Морщинистое лицо старика освещает улыбка.
– Муй бьен, муй бьен! Очень хорошо, очень хорошо! – дружески пожимая нам руки, говорит Фернандо.
Он приглашает выпить традиционную чашечку кубинского кофе, рассказывает о своей жизни. Старик, несмотря на свой возраст, трудится в угольном кооперативе. «Фидель сказал не оставлять своих рабочих мест. Труд каждого кубинца нужен революции». При этих словах Альваро Фернандо поднимает в жилистой руке мачете – нож для рубки тростника, с которым он шел на работу. И этот жест дополняет словами:
– Куба – непобедима! У нее надежные и сильные друзья. Спасибо вам! – и опять крепко жмет наши руки.
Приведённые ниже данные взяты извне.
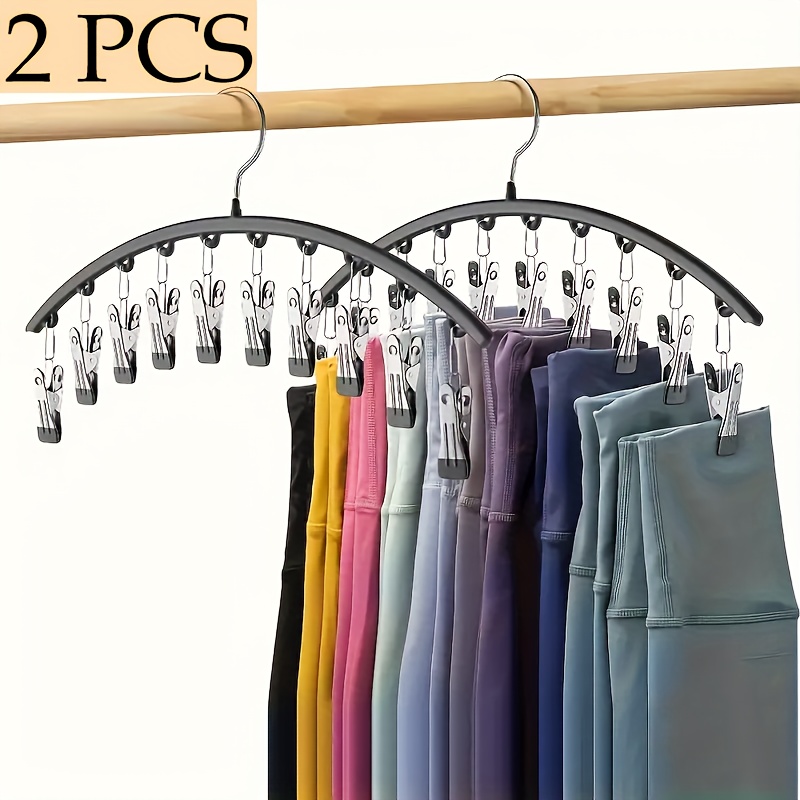 space saving stainless steel hanger with 10 clips   clothes hangers for cars wall mounted organizer for yoga pants leggings socks
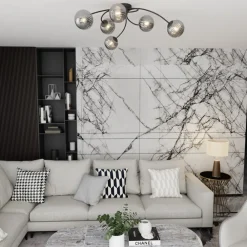 EMIBIG LIGHTING Vibra taklampe, røykgrå/svart, lengde 97 cm, 6 lyskilder. Outlet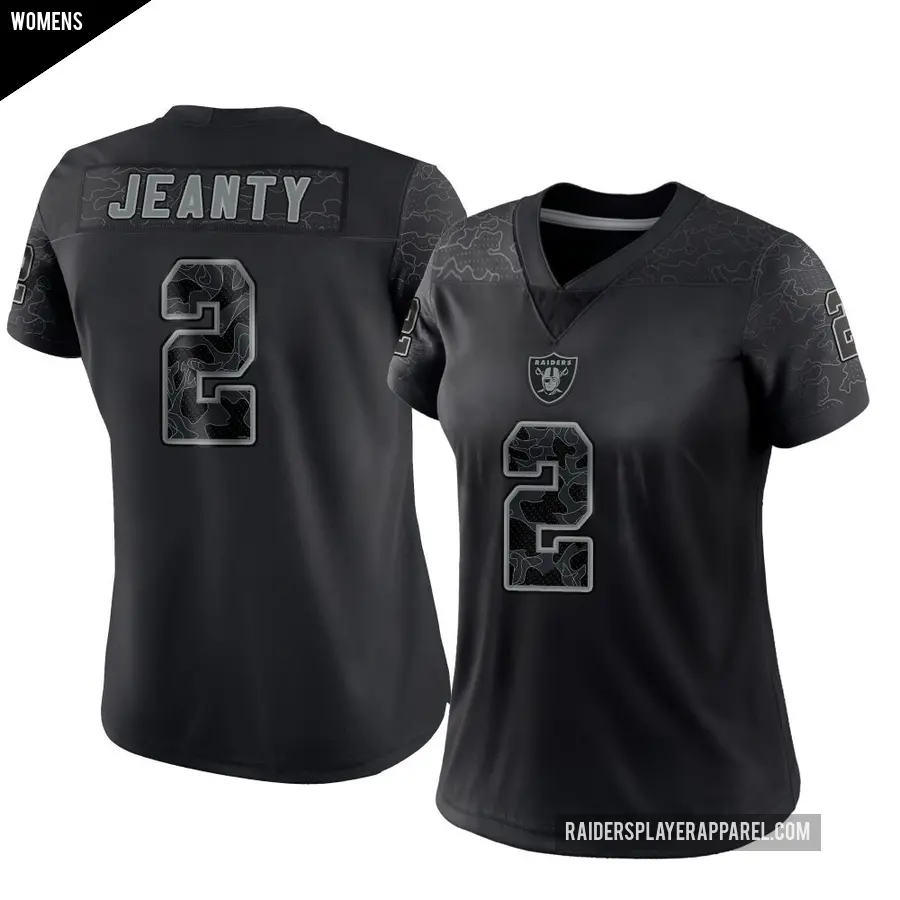 Women's Las Vegas Raiders ＃2 Ashton Jeanty Black Limited Reflective Jersey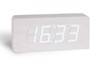 New White LED Wooden Digital Alarm Clock Desktop Calendar Thermosta Sound Control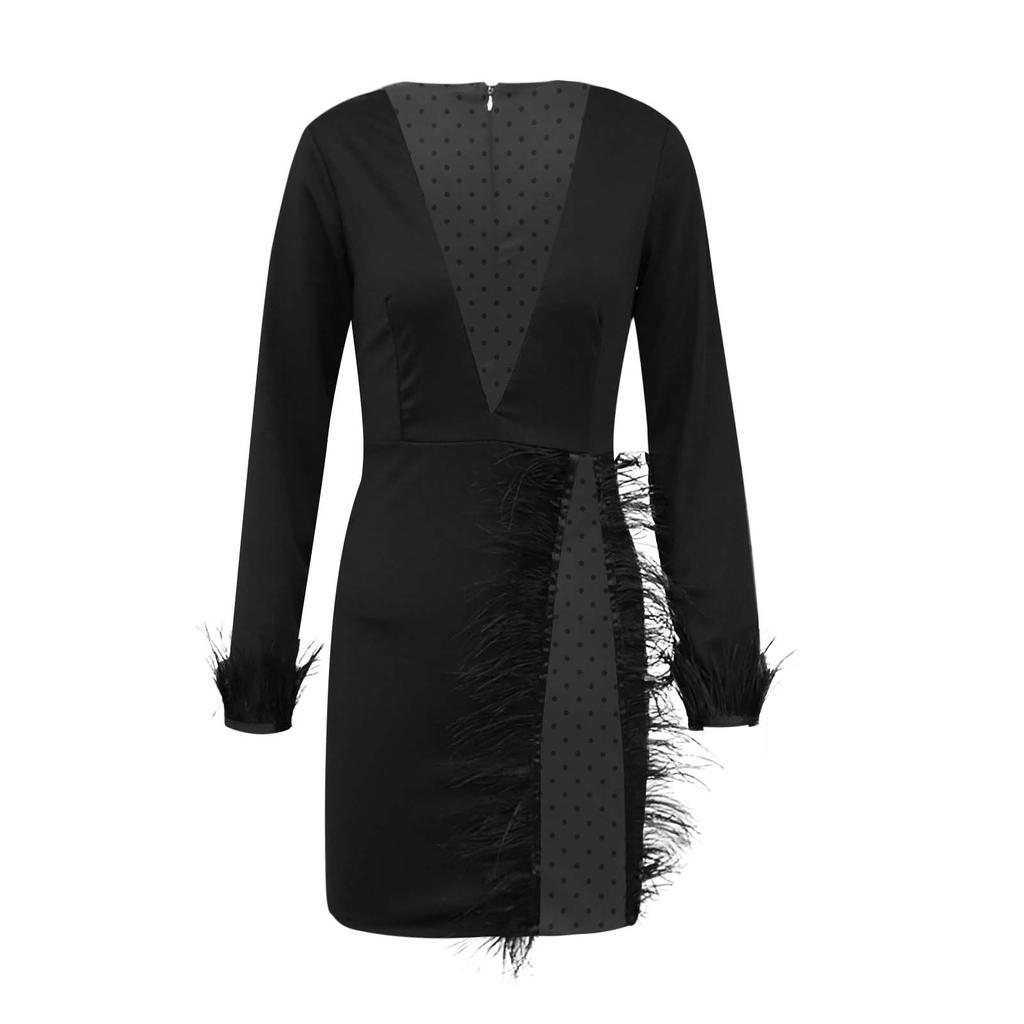 Women V-Neck Long Sleeve Solid Color Sexy Mesh Feather Casual Dress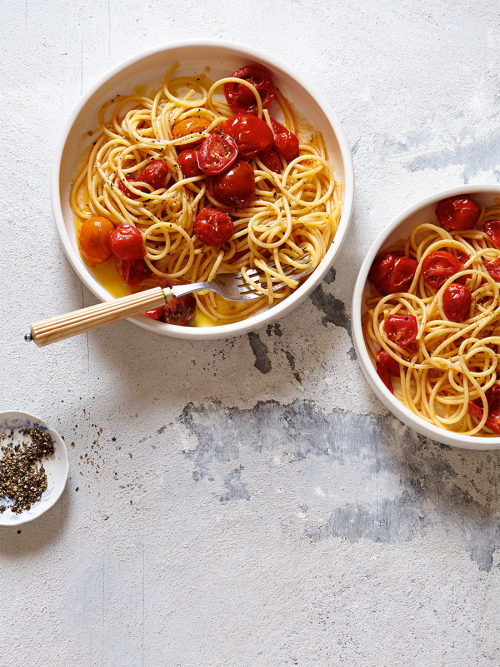 A preview of some new pasta work with food stylist Chelsea Zimmer. My favorite pasta: roasted cherry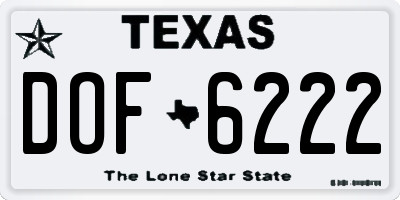 TX license plate DOF6222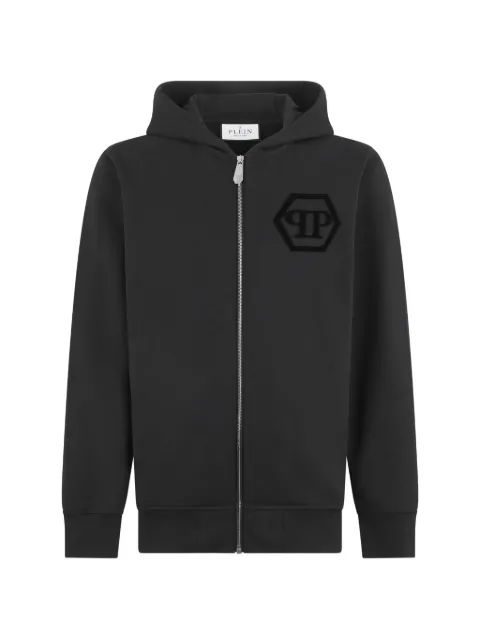Philipp Plein logo-patch zip hoodie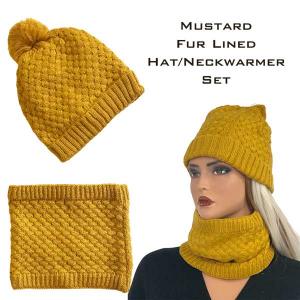 Wholesale  LC:HSET Mustard Hat and Neck Warmer Set w/Fur Lining - 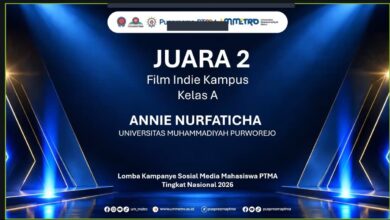 Poster pengumuman Juara 2 Film Indie Kampus mahasiswi Universitas Muhammadiyah Purworejo atas nama Annie Nurfaticha dalam Lomba Kampanye Sosial Media PTMA Tingkat Nasional 2026.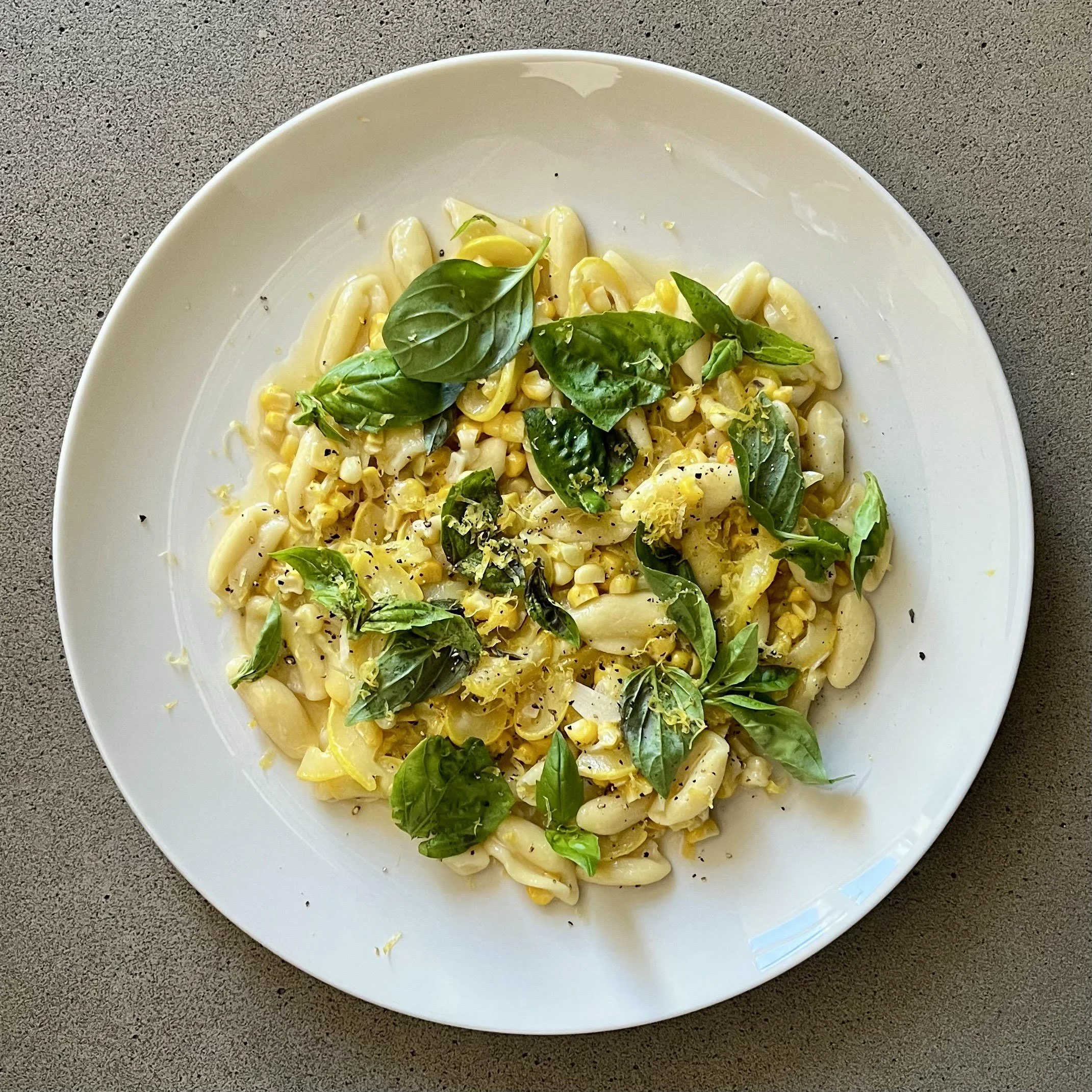 Summer Squash, Corn &amp; Anchovy Pasta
Да, Куба – непобедима! Ее мужество – неиссякаемо, ее люди, познавшие счастье свободной жизни, готовы сражаться до победы за дело революции.
Конференция
Российская делегация задает тон
Первая сессия международной конференции в Гаване, проходившая в первой половине дня 11 октября 2002 года, вылилась в диалог кубинских и американских ученых и ветеранов-политиков. Российская сторона практически была лишь гостем. Отчасти это объяснялось тем, что утренняя сессия конференции была посвящена обсуждению американо-кубинских отношений и подрывной политики США в отношении революционной Кубы. Главные докладчики с обеих сторон были высокопоставленными политическими и военными деятелями, стоявшими у истоков кризисных явлений начала 60-х годов.
И все же завершить обсуждение проблемы причин и источников Карибского кризиса без учета мнения российской делегации было бы неправильно. Финальным аккордом первой сессии стали выступления двух членов российской делегации – Н. С. Леонова и Г. М. Корниенко.
Николай Сергеевич Леонов, доктор исторических наук, профессор МГИМО, один из ведущих российских специалистов по странам Латинской Америки и личный друг Фиделя Кастро – уникальная фигура нашей эпохи. Талантливейший ученый и публицист, автор многих книг, опытнейший дипломат и разведчик. Забегая вперед, хотел бы отметить, что в 2003 году он был избран депутатом Государственной думы Российской Федерации. Но тогда, на конференции в Гаване в октябре 2002 года, именно он первым выступил от лица российских участников.
Выступление Н. С. Леонова, 11 октября 2002 года
Уважаемый товарищ президент, уважаемые гости и участники дискуссии!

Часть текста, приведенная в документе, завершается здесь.